I'm not a 3E player but I don't mind heated discussion.
The following seemed to me some key features of the spell (from the SRD):
Several illusory duplicates of you pop into being
<snip>
The figments stay near you and disappear when struck
<snip>
These figments separate from you and remain in a cluster, each within 5 feet of at least one other figment or you.
<snip>
Enemies attempting to attack you or cast spells at you must select from among indistinguishable targets. Generally, roll randomly to see whether the selected target is real or a figment.
<snip>
While moving, you can merge with and split off from figments so that enemies who have learned which image is real are again confounded.

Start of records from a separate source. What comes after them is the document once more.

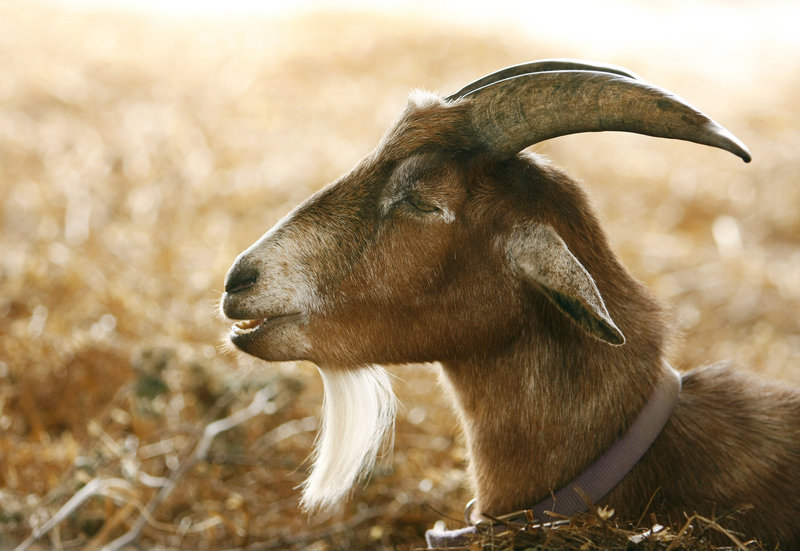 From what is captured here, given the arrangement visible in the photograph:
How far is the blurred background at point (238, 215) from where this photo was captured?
3740 millimetres

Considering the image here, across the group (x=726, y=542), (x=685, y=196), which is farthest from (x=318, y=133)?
(x=726, y=542)

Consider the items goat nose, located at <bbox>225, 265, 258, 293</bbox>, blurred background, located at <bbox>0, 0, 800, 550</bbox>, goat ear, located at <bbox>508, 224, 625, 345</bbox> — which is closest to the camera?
goat ear, located at <bbox>508, 224, 625, 345</bbox>

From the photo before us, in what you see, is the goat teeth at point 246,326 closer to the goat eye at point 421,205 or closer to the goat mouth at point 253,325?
the goat mouth at point 253,325

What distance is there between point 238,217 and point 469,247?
497 cm

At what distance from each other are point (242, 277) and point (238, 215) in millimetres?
4886

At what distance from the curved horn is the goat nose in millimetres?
835

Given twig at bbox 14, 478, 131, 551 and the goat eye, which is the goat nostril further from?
twig at bbox 14, 478, 131, 551

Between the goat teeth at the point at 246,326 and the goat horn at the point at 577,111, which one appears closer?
the goat horn at the point at 577,111

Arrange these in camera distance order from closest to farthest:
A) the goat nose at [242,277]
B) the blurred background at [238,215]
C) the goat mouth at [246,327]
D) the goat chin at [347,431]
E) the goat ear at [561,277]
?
the goat ear at [561,277] → the goat nose at [242,277] → the goat mouth at [246,327] → the goat chin at [347,431] → the blurred background at [238,215]

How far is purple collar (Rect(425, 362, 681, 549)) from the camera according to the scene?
8.27ft

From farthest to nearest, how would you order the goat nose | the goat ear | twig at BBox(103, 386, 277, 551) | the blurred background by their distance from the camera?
the blurred background
twig at BBox(103, 386, 277, 551)
the goat nose
the goat ear

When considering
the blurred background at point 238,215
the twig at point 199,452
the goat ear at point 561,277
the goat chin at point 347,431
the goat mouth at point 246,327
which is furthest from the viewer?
the blurred background at point 238,215

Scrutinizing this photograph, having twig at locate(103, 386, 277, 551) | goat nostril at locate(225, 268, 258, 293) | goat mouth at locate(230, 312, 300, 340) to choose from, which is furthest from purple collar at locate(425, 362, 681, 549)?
twig at locate(103, 386, 277, 551)

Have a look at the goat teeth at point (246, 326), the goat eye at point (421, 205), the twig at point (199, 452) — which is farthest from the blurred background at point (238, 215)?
the goat eye at point (421, 205) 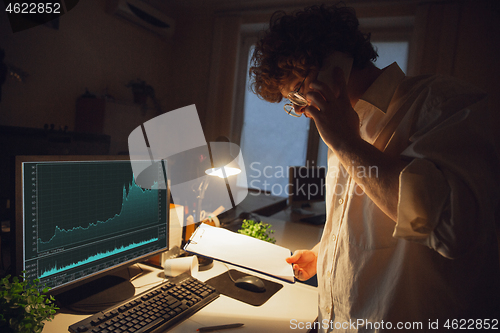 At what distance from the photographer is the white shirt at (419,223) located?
48 cm

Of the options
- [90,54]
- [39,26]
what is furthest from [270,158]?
[39,26]

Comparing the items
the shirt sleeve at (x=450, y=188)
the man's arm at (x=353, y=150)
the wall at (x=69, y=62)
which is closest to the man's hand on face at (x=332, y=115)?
the man's arm at (x=353, y=150)

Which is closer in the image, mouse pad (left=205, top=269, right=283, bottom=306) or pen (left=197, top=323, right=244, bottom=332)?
pen (left=197, top=323, right=244, bottom=332)

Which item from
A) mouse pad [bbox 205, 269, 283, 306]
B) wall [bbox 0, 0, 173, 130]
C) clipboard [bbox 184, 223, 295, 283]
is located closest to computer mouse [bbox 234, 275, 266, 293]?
mouse pad [bbox 205, 269, 283, 306]

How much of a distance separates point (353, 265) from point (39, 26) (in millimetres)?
3296

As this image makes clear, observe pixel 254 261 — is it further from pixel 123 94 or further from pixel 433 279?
pixel 123 94

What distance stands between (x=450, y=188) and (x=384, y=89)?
329 mm

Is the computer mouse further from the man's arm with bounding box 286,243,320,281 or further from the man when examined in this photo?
the man

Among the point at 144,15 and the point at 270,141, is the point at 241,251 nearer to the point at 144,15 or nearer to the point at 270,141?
the point at 270,141

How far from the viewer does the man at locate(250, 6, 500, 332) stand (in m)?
0.48

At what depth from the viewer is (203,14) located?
4.08 meters

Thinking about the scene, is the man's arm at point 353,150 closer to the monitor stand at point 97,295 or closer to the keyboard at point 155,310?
the keyboard at point 155,310

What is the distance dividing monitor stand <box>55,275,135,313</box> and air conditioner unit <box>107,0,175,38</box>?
3237 mm

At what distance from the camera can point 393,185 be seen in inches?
20.4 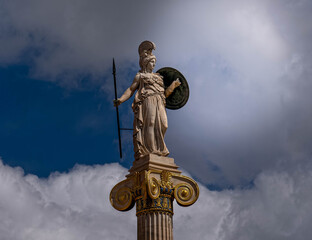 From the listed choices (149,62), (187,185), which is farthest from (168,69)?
(187,185)

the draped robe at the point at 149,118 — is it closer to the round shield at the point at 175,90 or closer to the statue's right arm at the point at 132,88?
the statue's right arm at the point at 132,88

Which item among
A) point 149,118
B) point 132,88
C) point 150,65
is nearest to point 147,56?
point 150,65

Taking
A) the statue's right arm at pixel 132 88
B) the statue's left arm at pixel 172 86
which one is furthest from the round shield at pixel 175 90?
the statue's right arm at pixel 132 88

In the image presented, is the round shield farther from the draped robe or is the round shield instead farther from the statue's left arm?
the draped robe

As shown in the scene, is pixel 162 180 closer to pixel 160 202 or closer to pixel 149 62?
pixel 160 202

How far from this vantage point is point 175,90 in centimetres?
3005

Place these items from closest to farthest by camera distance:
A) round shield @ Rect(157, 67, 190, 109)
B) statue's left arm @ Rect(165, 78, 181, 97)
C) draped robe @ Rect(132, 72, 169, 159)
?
draped robe @ Rect(132, 72, 169, 159), statue's left arm @ Rect(165, 78, 181, 97), round shield @ Rect(157, 67, 190, 109)

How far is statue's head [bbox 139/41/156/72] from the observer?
2889 centimetres

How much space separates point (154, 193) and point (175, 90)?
662cm

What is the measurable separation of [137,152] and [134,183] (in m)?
1.52

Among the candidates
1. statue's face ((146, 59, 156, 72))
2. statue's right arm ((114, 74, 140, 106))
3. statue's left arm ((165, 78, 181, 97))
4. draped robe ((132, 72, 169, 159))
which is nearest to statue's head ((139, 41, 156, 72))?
statue's face ((146, 59, 156, 72))

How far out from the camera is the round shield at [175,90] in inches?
1177

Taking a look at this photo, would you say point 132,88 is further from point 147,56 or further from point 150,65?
point 147,56

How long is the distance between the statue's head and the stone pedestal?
192 inches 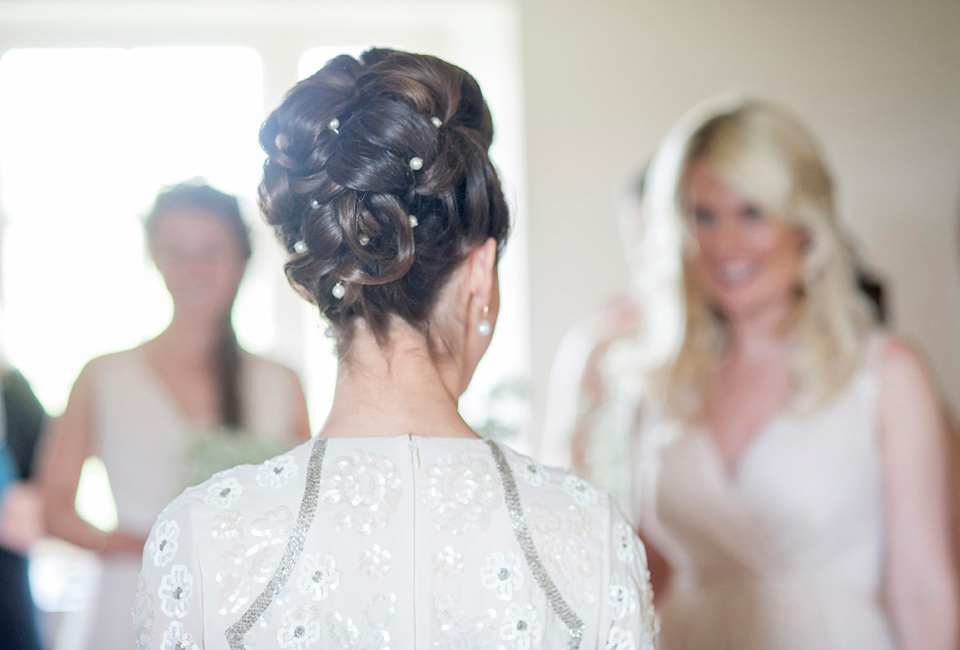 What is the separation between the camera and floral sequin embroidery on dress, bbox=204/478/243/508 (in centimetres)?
98

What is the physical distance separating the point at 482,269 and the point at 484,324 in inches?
2.9

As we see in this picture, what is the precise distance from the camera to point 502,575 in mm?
1012

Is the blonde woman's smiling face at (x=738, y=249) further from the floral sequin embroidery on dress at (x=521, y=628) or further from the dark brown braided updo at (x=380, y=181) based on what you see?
the floral sequin embroidery on dress at (x=521, y=628)

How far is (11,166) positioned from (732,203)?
3194mm

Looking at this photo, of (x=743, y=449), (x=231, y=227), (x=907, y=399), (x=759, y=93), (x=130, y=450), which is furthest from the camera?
(x=759, y=93)

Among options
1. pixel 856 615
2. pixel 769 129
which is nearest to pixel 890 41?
pixel 769 129

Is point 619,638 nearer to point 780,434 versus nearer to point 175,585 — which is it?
point 175,585

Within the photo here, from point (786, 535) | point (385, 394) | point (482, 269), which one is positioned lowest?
point (786, 535)

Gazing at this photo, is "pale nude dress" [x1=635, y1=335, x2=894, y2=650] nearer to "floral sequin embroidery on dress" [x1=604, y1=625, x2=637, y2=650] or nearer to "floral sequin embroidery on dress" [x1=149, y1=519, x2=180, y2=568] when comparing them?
"floral sequin embroidery on dress" [x1=604, y1=625, x2=637, y2=650]

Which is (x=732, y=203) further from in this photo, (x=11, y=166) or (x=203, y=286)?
(x=11, y=166)

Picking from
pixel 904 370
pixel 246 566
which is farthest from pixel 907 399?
pixel 246 566

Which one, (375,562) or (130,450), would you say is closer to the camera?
(375,562)

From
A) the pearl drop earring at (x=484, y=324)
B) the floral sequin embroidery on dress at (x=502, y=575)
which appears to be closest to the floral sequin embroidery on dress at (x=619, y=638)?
the floral sequin embroidery on dress at (x=502, y=575)

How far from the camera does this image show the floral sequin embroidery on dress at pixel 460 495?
3.34 ft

One thing I notice is that there's no indication as to who decides where the images are located. With 8 images, plus a caster, it seems they could be spread out over a 40' line. But that doesn't really make sense for many attack, especially melee attacks: presumably when a melee attack is made (which is targeting a particular entity in a given 5' square), the images all cluster together about the caster. But this doesn't really make much sense either: a blow against an illusory figment which is one of 8 in a 5' square, plus a caster, is almost certainly going to carry through and take out more figments (or the caster).
So maybe only
one figment joins the caster, in the same square but (say) 2 or 3 feet away. But then the miss chance would only be 50%, not 1/(N+1), where N is the number of images.
My provisional conclusion: this is a spell whose mechanics made sense in AD&D, with abstract positioning and 1 minute rounds, but it really doesn't survive the translation into the much less abstract 3E positioning rules.
(EDIT to help warm things up: can we talk about Mirror Image as a "dissociated mechanic"?)